I'd be interested to hear more about reverse scans.  Bilal was
speculating about backwards I/O combining in read_stream.c a while
back, but we didn't have anything interesting to use it yet.  You'll
probably see a flood of uncombined 8KB IOs in the pg_aios view while
travelling up the heap with cache misses today.  I suspect Linux does
reverse sequential prefetching with buffered I/O (less sure about
other OSes) which should help but we'd still have more overheads than
we could if we combined them, not to mention direct I/O.

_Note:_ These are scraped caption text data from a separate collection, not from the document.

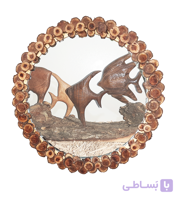 آینه دیواری با قاب دست ساز چوبی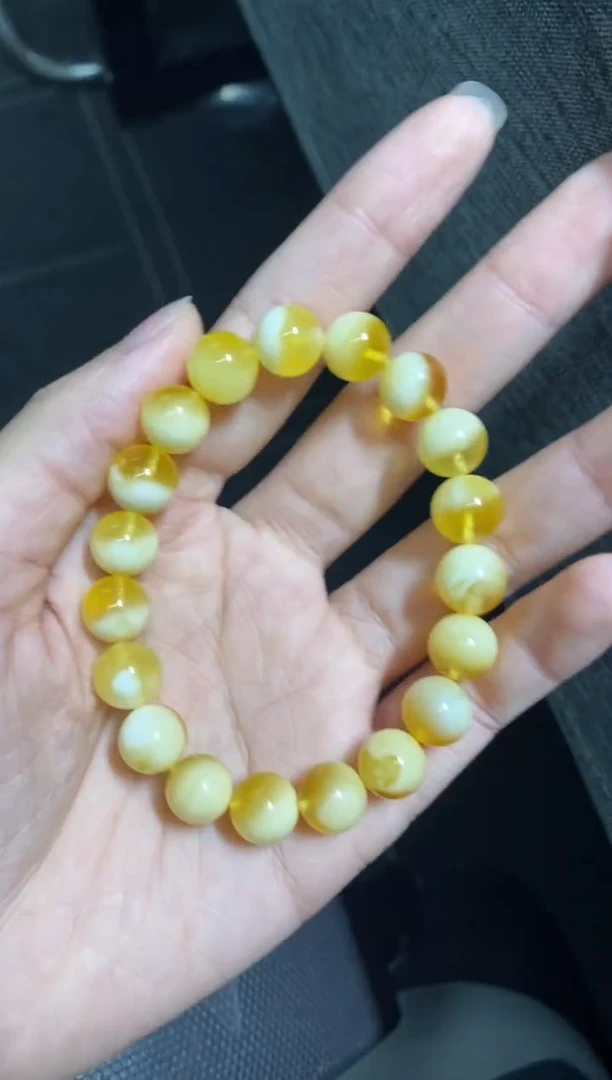 未镶嵌蜜蜡裸石（静）金白聚宝盆手串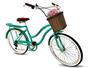 Imagem de Bicicleta feminina aro 26 retrô com cesta tipo vime 6v verde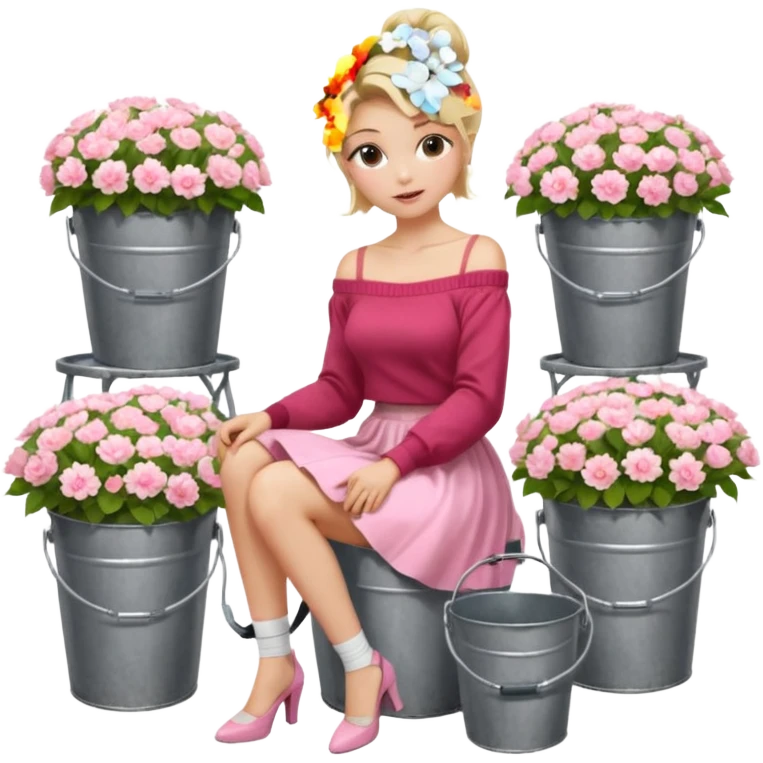 a blond girl  sitting  near various bouquets of flowers in metal buckets a white and pink flowers , Her hairstyle is slightly messy updo. She wears a red off-shoulder cardigan and a white long skirt. Her leg is extended forward toward the camera, appearing long and graceful. emoji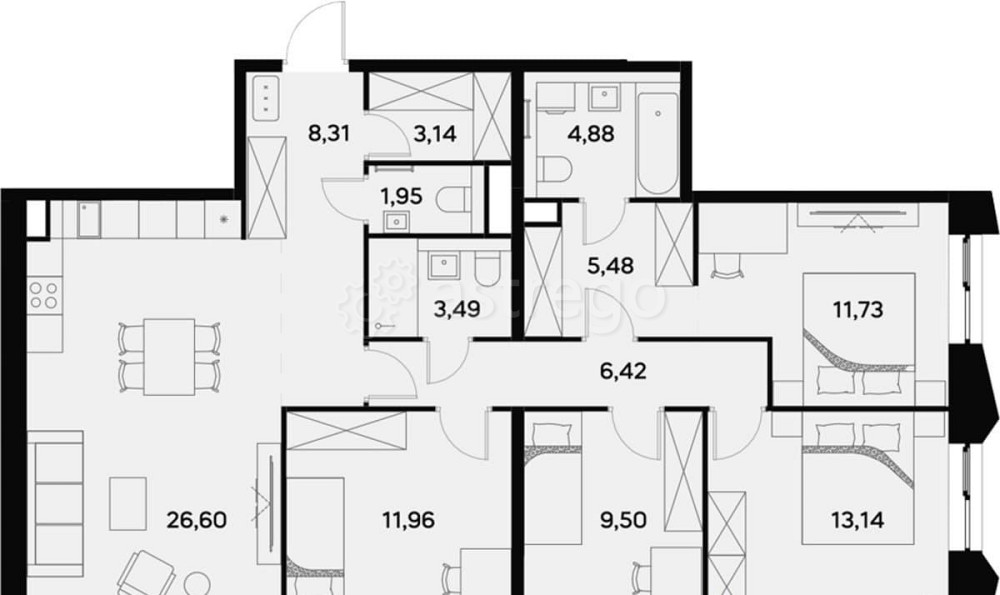 4-комн. квартира, 106.6 м2, 40/44 эт. Москва - изображение 1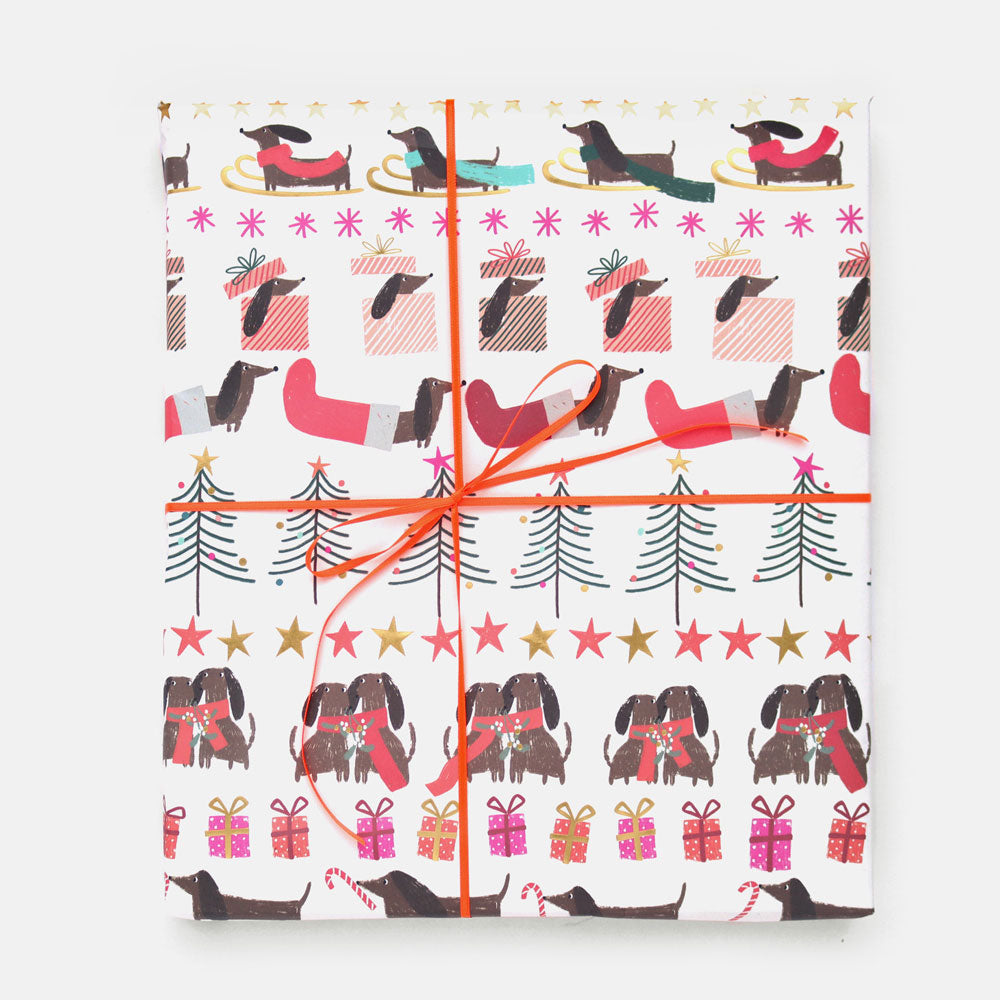 Sausage Dogs and Presents Christmas Wrapping Paper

Not tested, but something like this might do it:

                /* Can we merge it with the pending read? */
-               if (stream->pending_read_nblocks > 0 &&
-                       stream->pending_read_blocknum +
stream->pending_read_nblocks == blocknum)
+               if (stream->pending_read_nblocks > 0)
                {
-                       stream->pending_read_nblocks++;
-                       continue;
+                       if (stream->pending_read_blocknum +
stream->pending_read_nblocks ==
+                               blocknum)
+                       {
+                               stream->pending_read_nblocks++;
+                               continue;
+                       }
+                       else if (stream->pending_read_blocknum ==
blocknum + 1 &&
+                                        stream->forwarded_buffers == 0)
+                       {
+                               stream->pending_read_blocknum--;
+                               stream->pending_read_nblocks++;
+                               continue;
+                       }
                }

> I tested this issue again (using my original pgbench_account query),
> having rebased on top of HEAD as of today. I found that the
> inconsistency seems to be much smaller now -- so much so that I don't
> think that the remaining inconsistency is particularly suspicious.
>
> I also think that performance might have improved across the board. I
> see that the same TPC-C query that took 768.454 ms a few weeks back
> now takes only 617.408 ms. Also, while I originally saw "I/O Timings:
> shared read=138.856" with this query, I now see "I/O Timings: shared
> read=46.745". That feels like a performance bug fix to me.
>
> I wonder if today's commit b4212231 from Thomas ("Fix rare bug in
> read_stream.c's split IO handling") fixed the issue, without anyone
> realizing that the bug in question could manifest like this.

I can't explain that.  If you can consistently reproduce the change at
the two base commits, maybe bisect?  If it's a real phenomenon I'm
definitely curious to know what you're seeing.